[Crawled caption data]
BEGIN
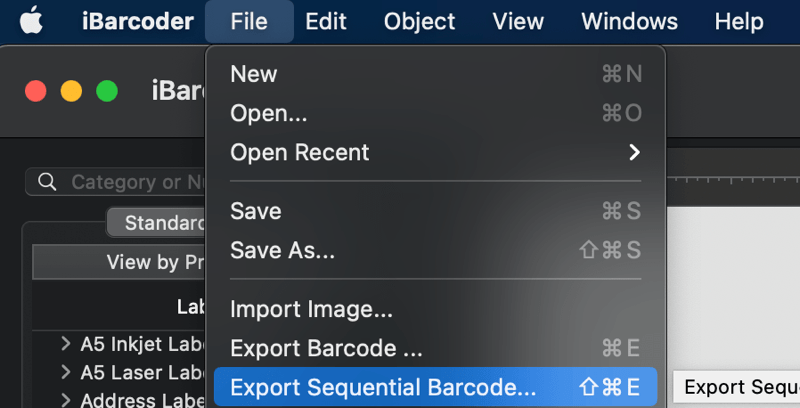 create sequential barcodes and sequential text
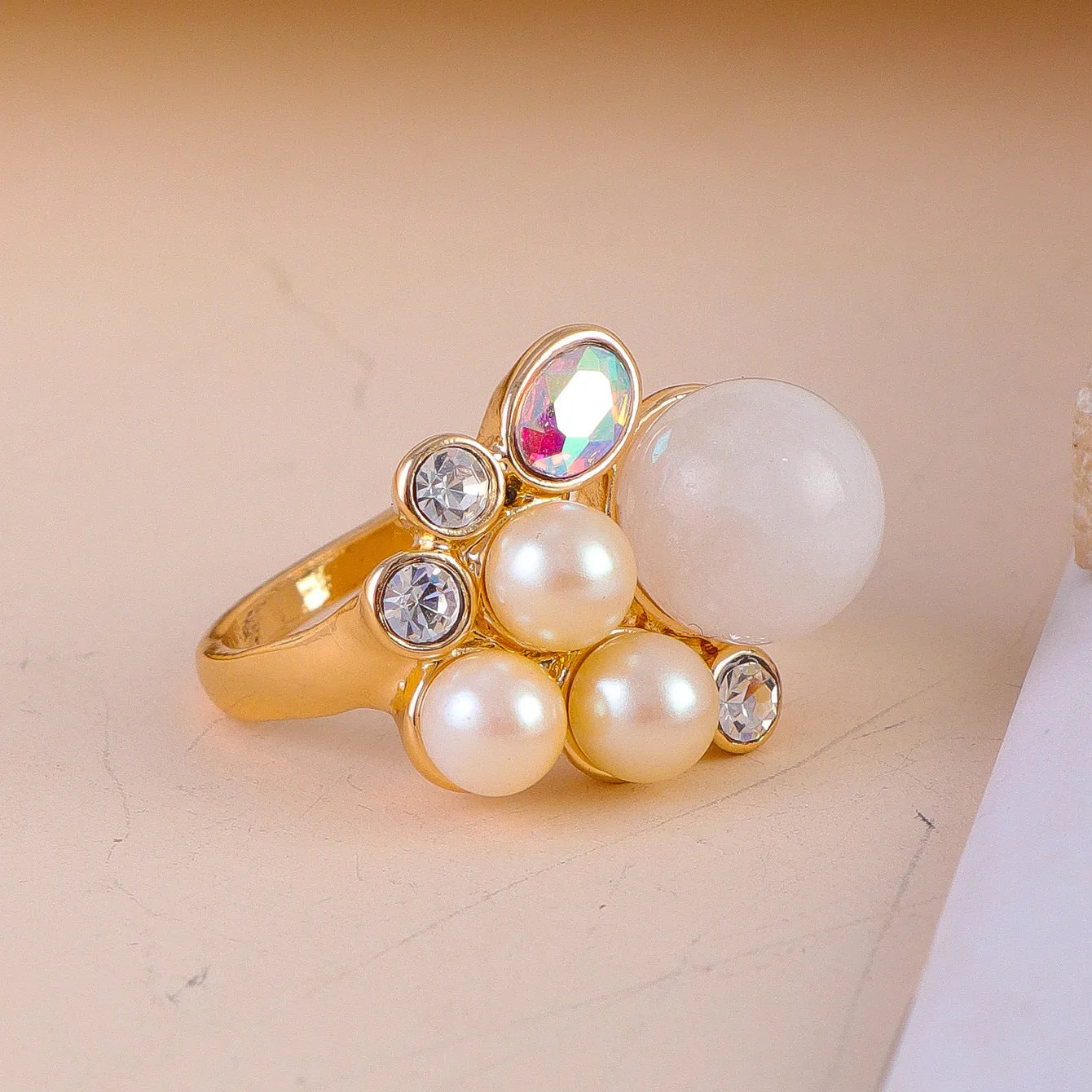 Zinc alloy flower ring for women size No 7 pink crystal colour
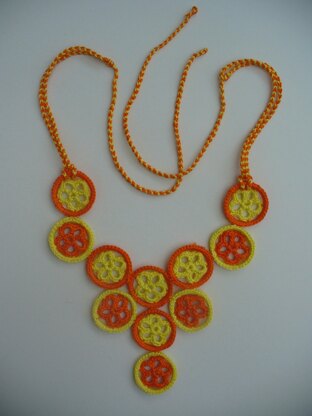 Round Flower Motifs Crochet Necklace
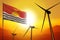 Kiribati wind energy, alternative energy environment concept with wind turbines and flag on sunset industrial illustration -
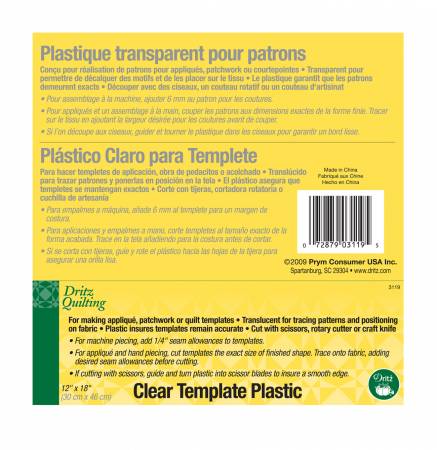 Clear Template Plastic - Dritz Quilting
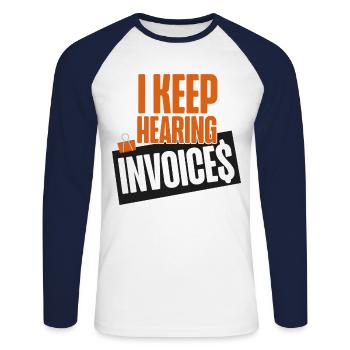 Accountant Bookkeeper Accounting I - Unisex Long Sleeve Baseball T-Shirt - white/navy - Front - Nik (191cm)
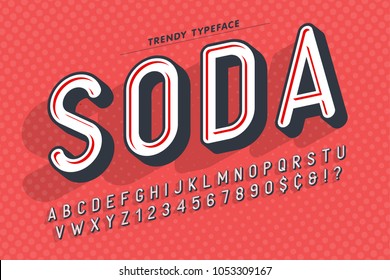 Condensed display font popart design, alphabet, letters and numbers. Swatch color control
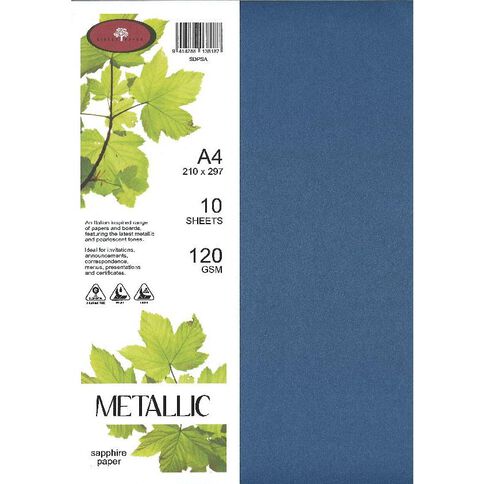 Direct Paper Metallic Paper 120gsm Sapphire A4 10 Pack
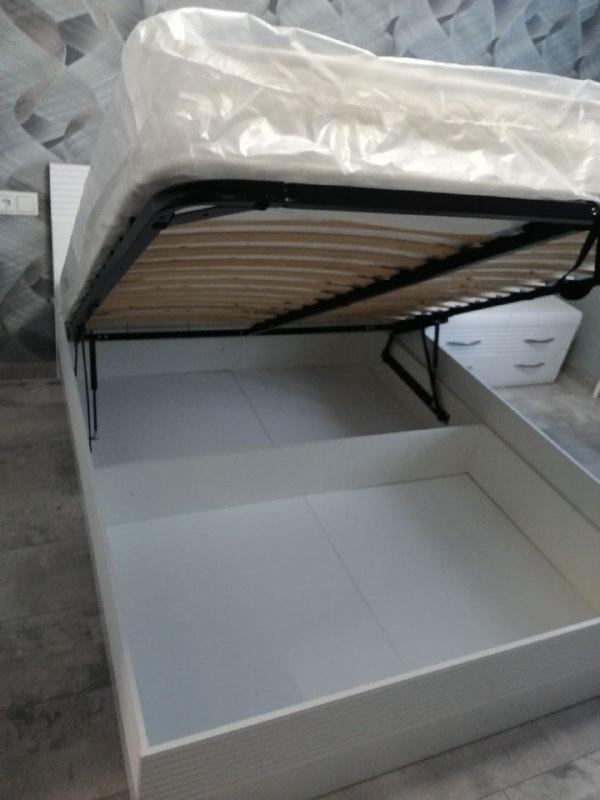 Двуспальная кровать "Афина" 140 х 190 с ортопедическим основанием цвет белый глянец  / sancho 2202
END
• [Description of the task]: Copy out every entry above word for word; omit the images.

• [Response]:
 create sequential barcodes and sequential text
 Zinc alloy flower ring for women size No 7 pink crystal colour
 Round Flower Motifs Crochet Necklace
 Kiribati wind energy, alternative energy environment concept with wind turbines and flag on sunset industrial illustration -
 Clear Template Plastic - Dritz Quilting
 Accountant Bookkeeper Accounting I - Unisex Long Sleeve Baseball T-Shirt - white/navy - Front - Nik (191cm)
 Condensed display font popart design, alphabet, letters and numbers. Swatch color control
 Direct Paper Metallic Paper 120gsm Sapphire A4 10 Pack
 Двуспальная кровать "Афина" 140 х 190 с ортопедическим основанием цвет белый глянец  / sancho 2202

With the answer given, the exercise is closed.